Coqui w El Yunque...

piątek, maja 13, 2016 Sagitta's world 2 Comments


Tropikalny las deszczowy "El Yunque" w Puerto Rico położony jest w północno-wschodniej części wyspy, na zboczach gór Sierra de Luquillo. Jest to jedyny las deszczowy w  systemie lasów narodowych US. Z uwagi na jego położenie - na południe od zwrotnika Raka - nie występuje tu pora sucha i deszczowa. Deszcz pada przez cały rok. Zazwyczaj są to 10-15 minutowe obfite opady, po których wychodzi słońce, a niebo staje się znowu cudownie niebieskie.
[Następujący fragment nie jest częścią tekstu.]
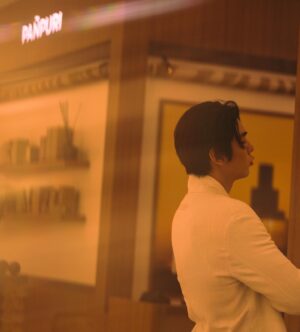 Vachirawich Aranthanawong Instagram - @panpuriofficial 🤎 Unlock Your Path to Eternal Light 🌞

PAÑPURI  ชวนเติมเต็มวันพักผ่อนไปกับ PAÑPURI Sunshine Hotel Pop-Up ทั้งโซน Summer Parlor ที่พร้อมเสิร์ฟเครื่องดื่มพิเศษที่ได้แรงบันดาลใจจากส่วนผสมของกลิ่น Eternal Sunshine และ Scent Discovery จะช่วยเชื่อมต่อระหว่างความหอมของกลิ่น Eternal Sunshine และความกระจ่างใสภายในจิตใจ เพื่อค้นพบแสงแห่งดวงอาทิตย์ที่จะจุดประกายความสุข ความสดใส และพลังบวกในตัวคุณ

กลิ่นหอมสดชื่นของ Eternal Sunshine แนวกลิ่นซิทรัส ที่ผสมผสานกลิ่นของผิวมะนาว และสมุนไพรไทยใบกระเพรา ที่ได้แรงบันดาลใจจากแสงแดดอันอบอุ่นยามเช้า เป็นกลิ่นที่ช่วยสร้างแรงบันดาลใจ เพิ่มพลังงานที่ดี และพร้อมเปิดรับความสุขในวันใหม่ได้อย่างสดชื่น

ตั้งแต่วันนี้ถึง 8 พฤษภาคม นี้ Emporium ชั้น M

#PANPURI
#PANPURISummer
#IgniteEternalLight
#MyEternalSunshine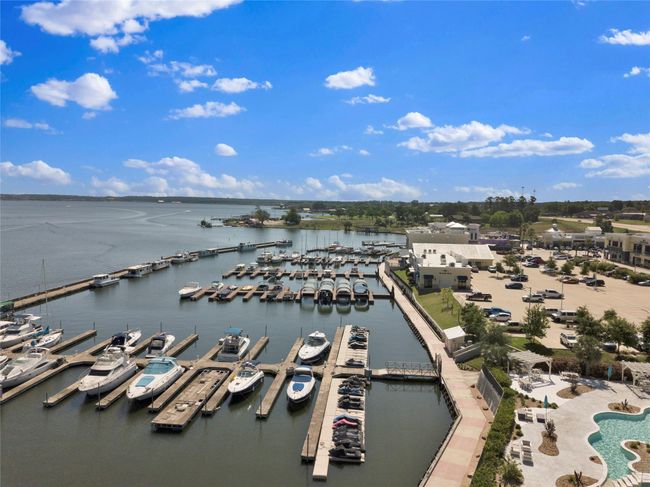UNIT-412 - 199 Waterpoint Ct, Condo with 3 bedrooms, 3 bathrooms and 2 parking in Montgomery TX | Image 6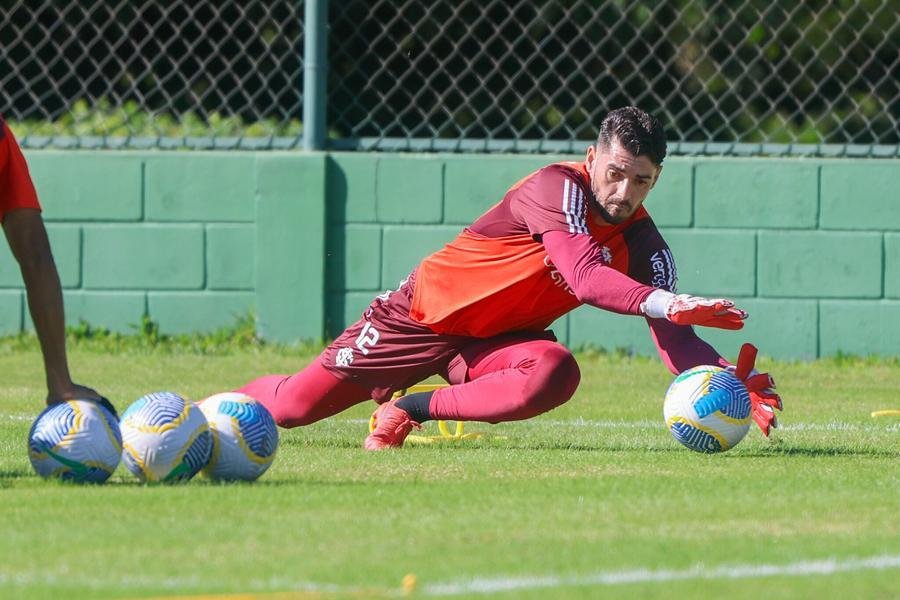 Fabr&iacute;cio vai substituir Rochet, que j&aacute; apresentou-se &agrave; sele&ccedil;&atilde;o uruguaia para a disputa da Copa Am&eacute;rica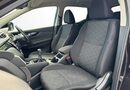 Nissan Qashqai 1.6 DiG-T N-Connecta 5dr 17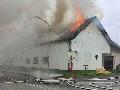 Aktualisiert: Grobrand in Kircheib - Wohnhaus steht in Flammen, B 8 gesperrt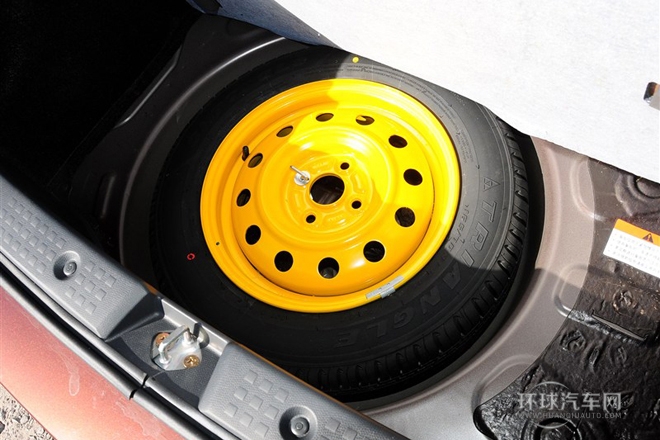 2013款 1.5L 自动运动版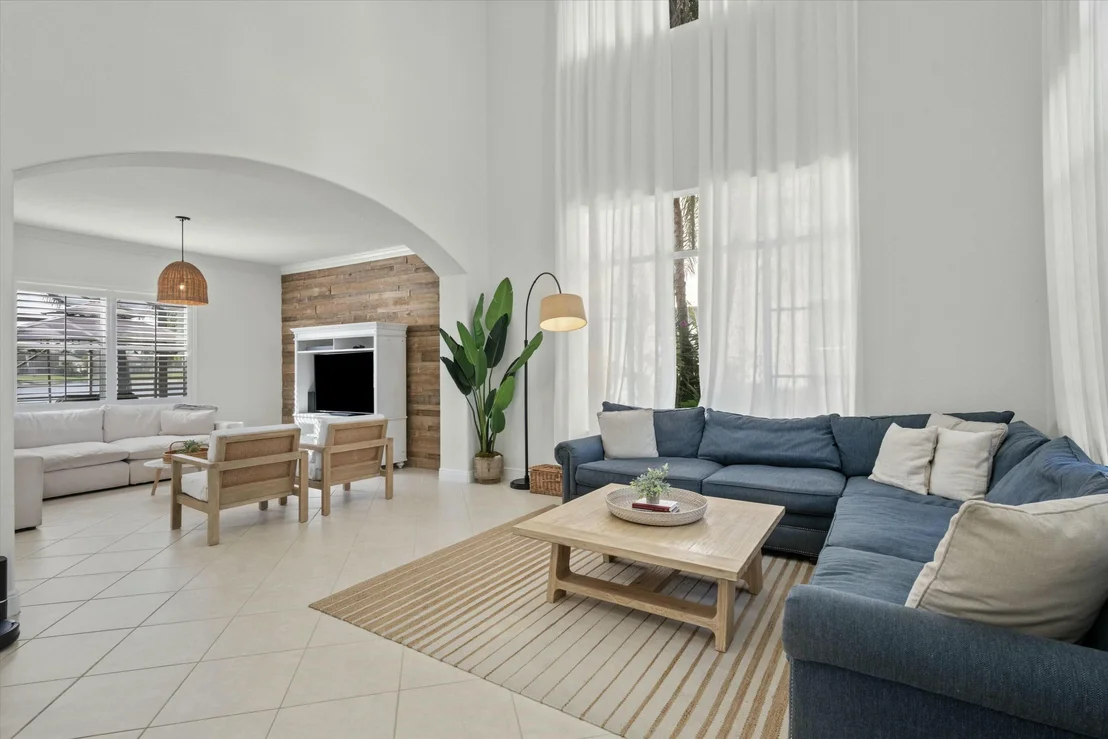 Photo of 1386 Beacon Circle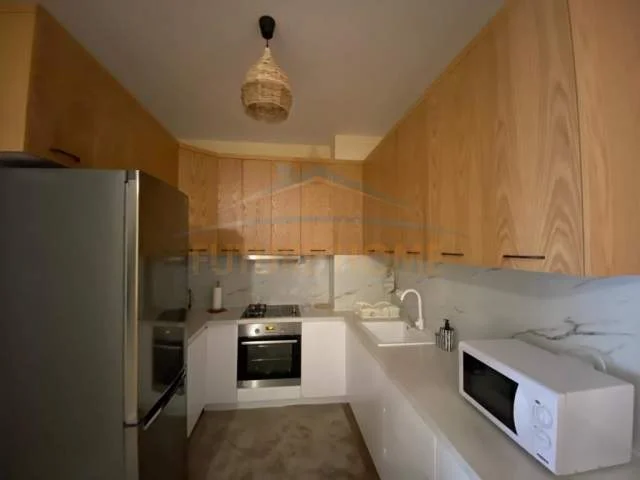 Durres, jepet me qera apartament 1+1+BLK Kati 4, 72 m² 500 Euro (Iliria)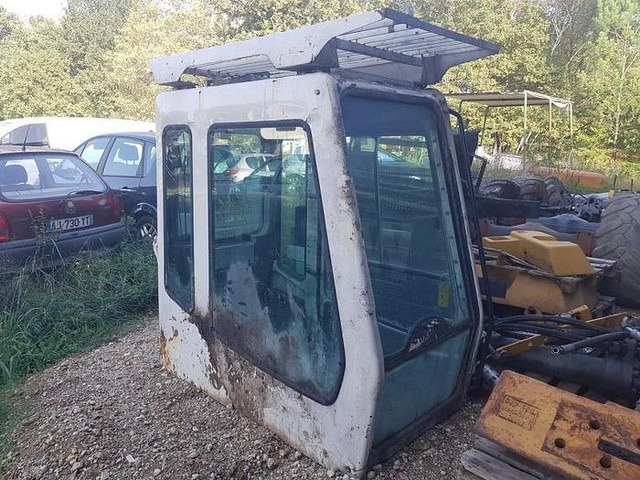 Liebherr A904 R904 A914 R914 A924 R924 A934 R934 A944 R944 A954 R954 - - Кабіна в категорії Будівельна техніка: фото 3 Liebherr A904 R904 A914 R914 A924 R924 A934 R934 A944 R944 A954 R954 - - Кабіна в категорії Будівельна техніка: фото 3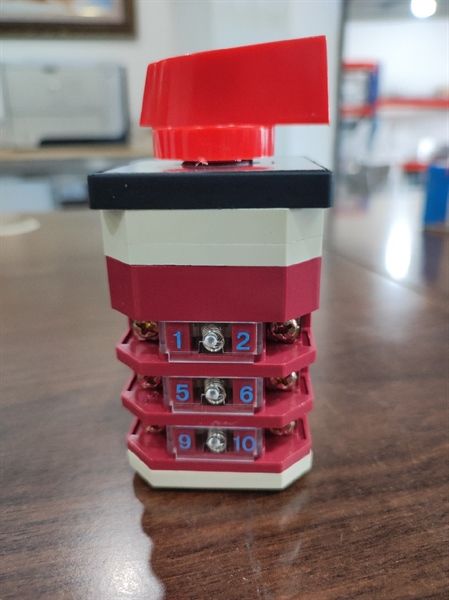 Công tắc LW12-16/3 0-3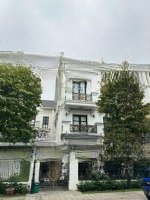 Biệt Thự Full Nội Thất Sịn San Hô, 135M2,Mặt Tiền9M, Gần Công Viên, Bể Bơi, Vài Bước Ra Hồ Ngọc Trai !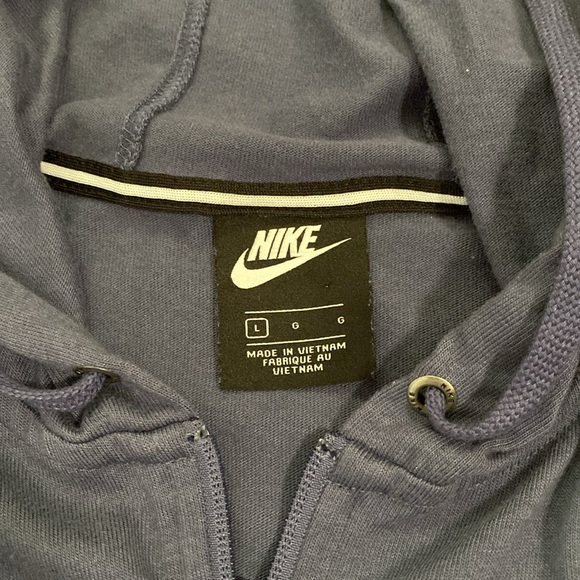 Nike Hooded Sweatshirt - Picture 10 of 11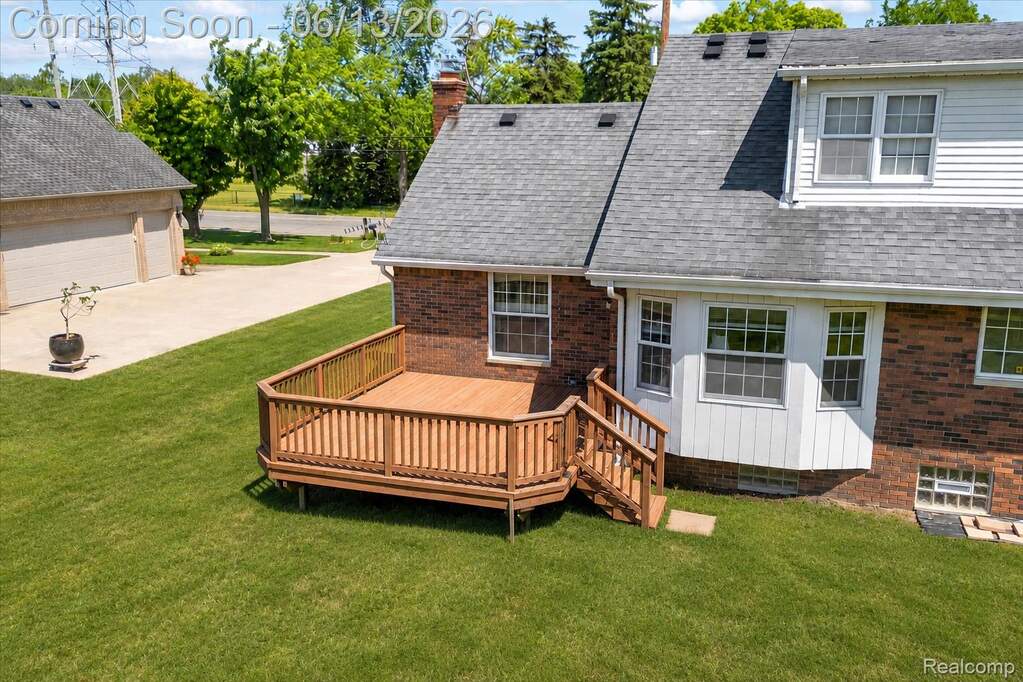 4 Bedroom Single Family Home/House's Image 5
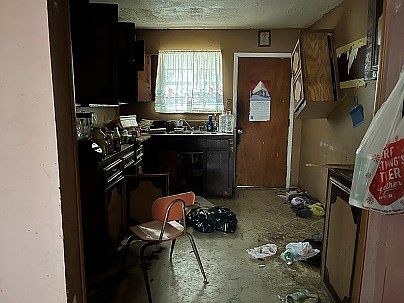 2nd image of 1846 Royal Ridge Dr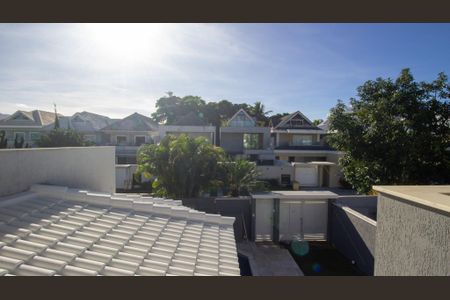 Casa de condomínio para alugar com 235m², 4 quartos e 2 vagasVista da Sacada da Suíte 2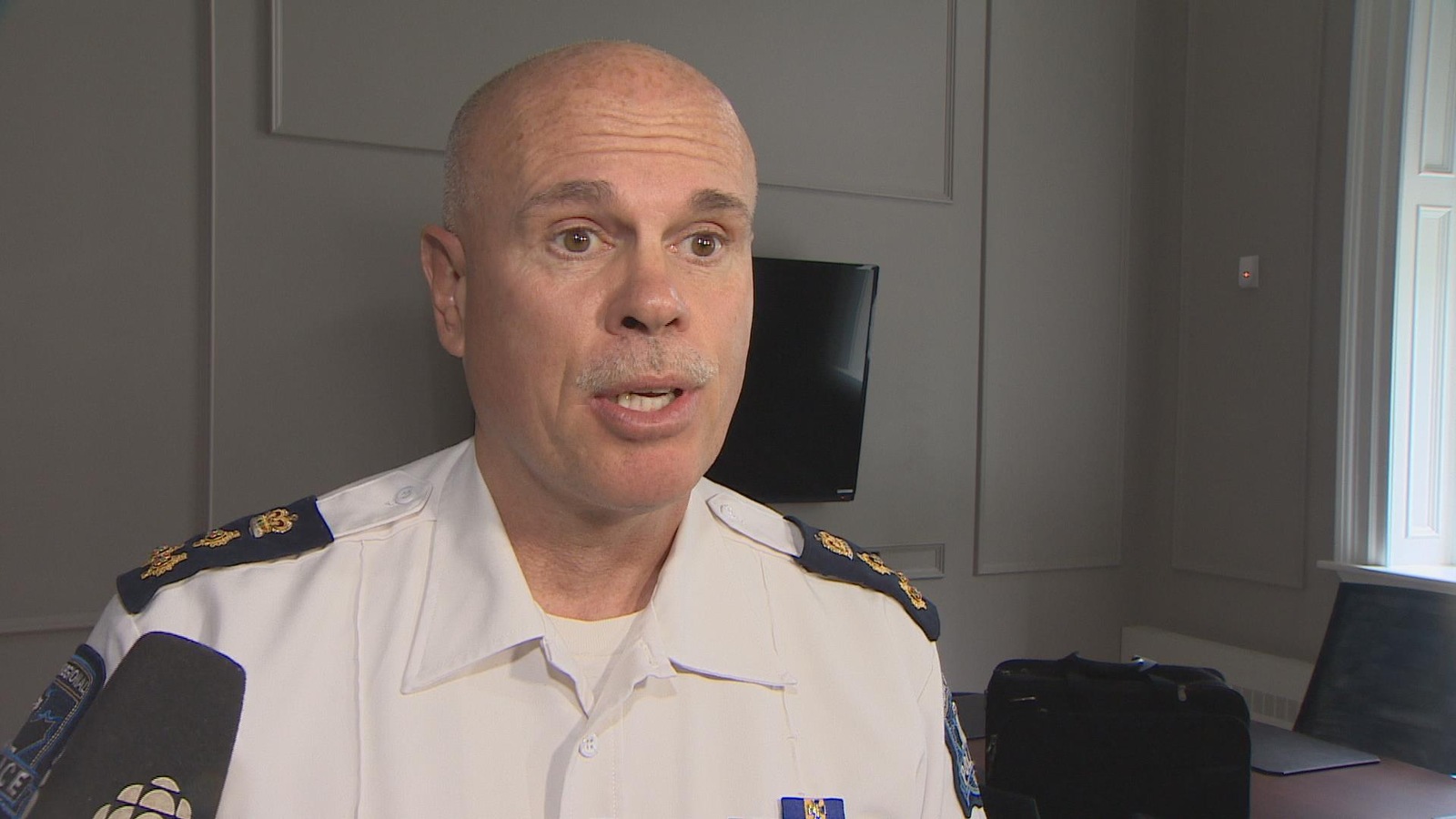 Le chef de la police régionale d'Halifax, Jean-Michel Blais, indique que tous les agents du service suivront une formation sur les bonnes méthodes de maintien de l'ordre. Le chef de la police régionale d'Halifax, Jean-Michel Blais, indique que tous les agents du service suivront une formation sur les bonnes méthodes de maintien de l'ordre.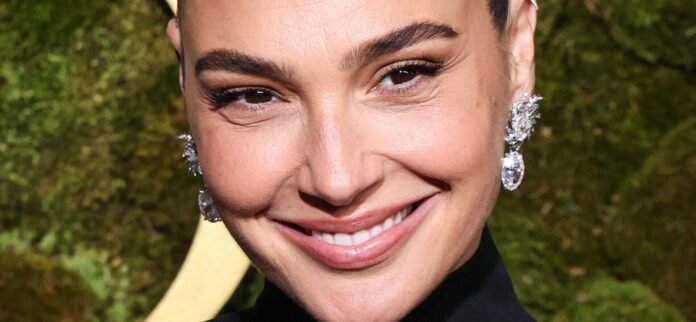 Gal Gadot In Black Swimsuit Declared The 'Eighth Wonder Of The World'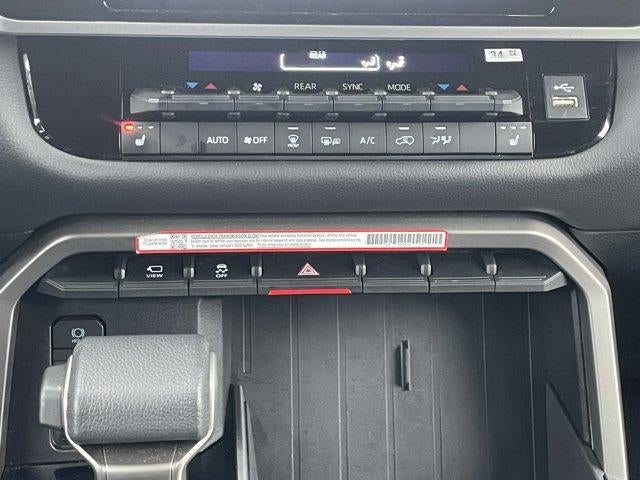 2025 Toyota Sequoia Platinum 4WD (Natl)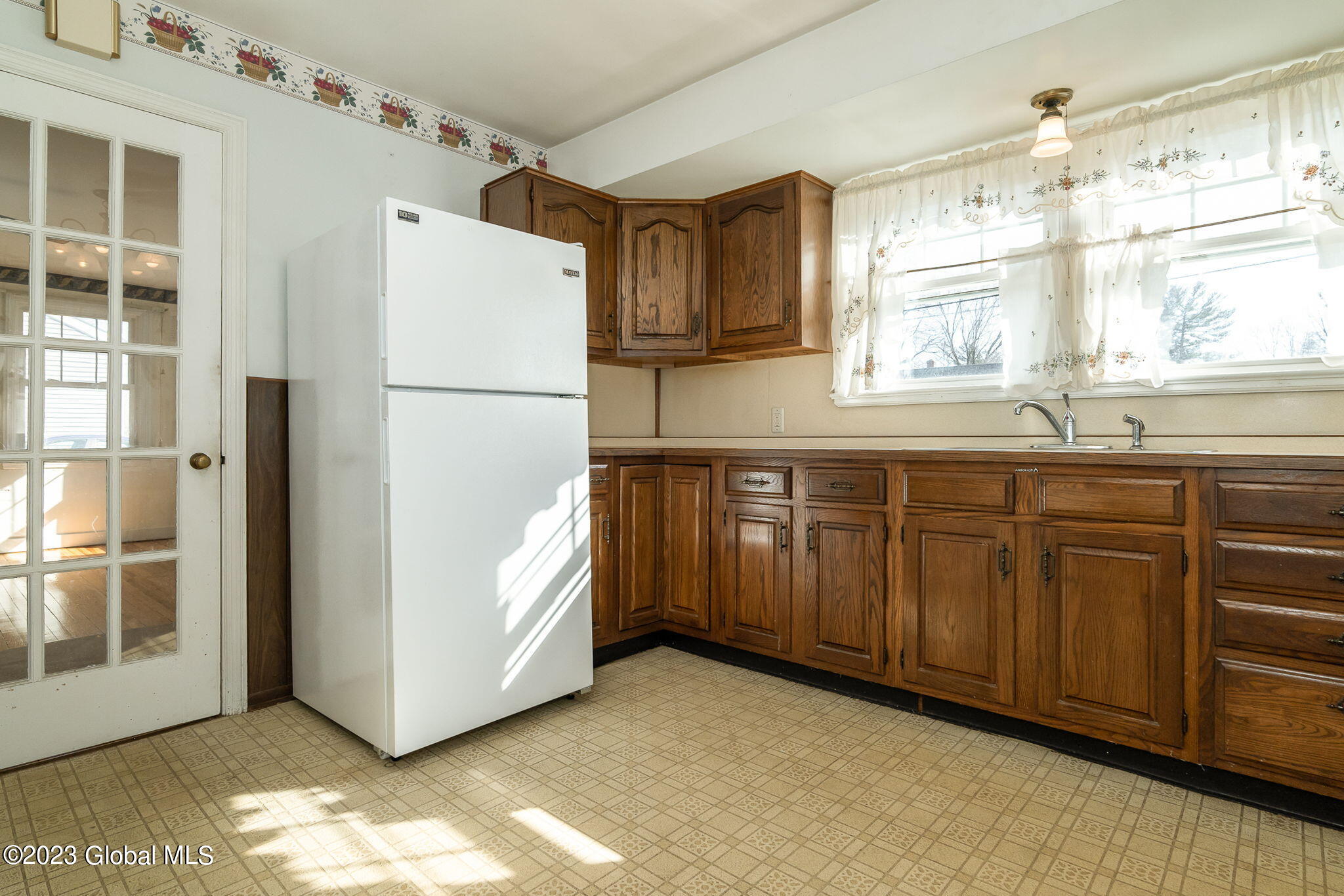 2016 Pyle Road Rotterdam, NY 12303 - Photo 10 of 36 10-web-or-mls-2016PyleRd-10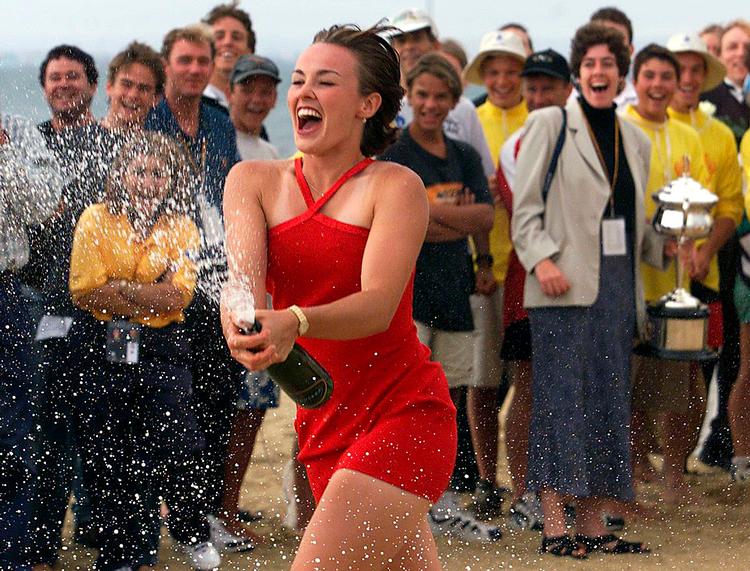 Efter sin tredje Australian Open-titel på stribe i 1999 mente Martina Hingis, at fotograferne på Brighton Beach i Melbourne kunne trænge til lidt bobler. Det fik de så. Foto: David Gray/Ritzau Scanpix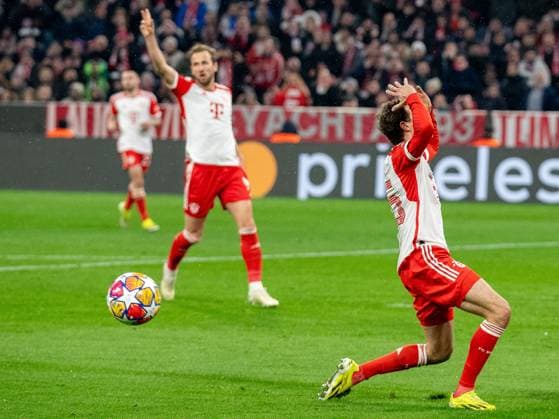 Harry Kane FC Bayern Muenchen, 09 , Thomas Mueller FC Bayern Muenchen, 25 , GER, FC Bayern Muenchen FCB vs Lazio Rome SSL , Football, UEFA Champions League, Round of 16 second leg, 2023 2024 season, 05 03 2024, DFB DFL regulations prohibit any use of photographs as image sequences and or quasi video , GER, FC Bayern Muenchen FCB vs Lazio Rome SSL , Football, UEFA Champions League, Round of 16 second leg, 2023 2024 season, 05 03 2024 Muenchen Copyright: xEibner-Pressefoto SaschaxWaltherx EP_EER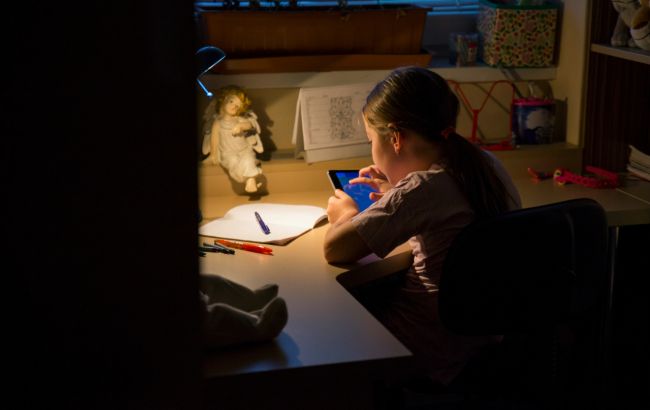 Як блекаути впливають на зір дітей: поради лікаря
W lesie znajduje się kilka szlaków prowadzących w głąb bujnej zieleni. Przy wejściach na szlaki znajdują się parkingi - jak przystało na amerykański styl dojeżdżania wszędzie samochodem.  Ma to swój plus - oszczędza czas i nogi.

Wybierając się do "El Yunque":

1. Pamiętaj o spray'u na insekty. Spryskaj się przed wejściem do lasu (o ile nie zrobiłeś tego wcześniej). Nie ma co wracać z wakacji z przenoszoną przez komary ziką, czy dengą. Na szczęście jadowite zwierzęta tu nie dotarły.

2. Nie reaguj na coś, co wydaje Ci się, że jest rozrzuconymi wszędzie po lesie gazetami. Nikt nie naśmiecił. To są liście.

3. Jeśli jesteś morsem lub po prostu uwielbiasz kąpać się w lodowatej wodzie (czyli jesteś morsem), to koniecznie weź ze sobą kostium kąpielowy/kąpielówki. Wykorzystaj pod "La Mina Falls". Zanim się dostaniesz pod sam wodospad, czeka Cię przejście po podwodnych, śliskich głazach. Ostrożnie!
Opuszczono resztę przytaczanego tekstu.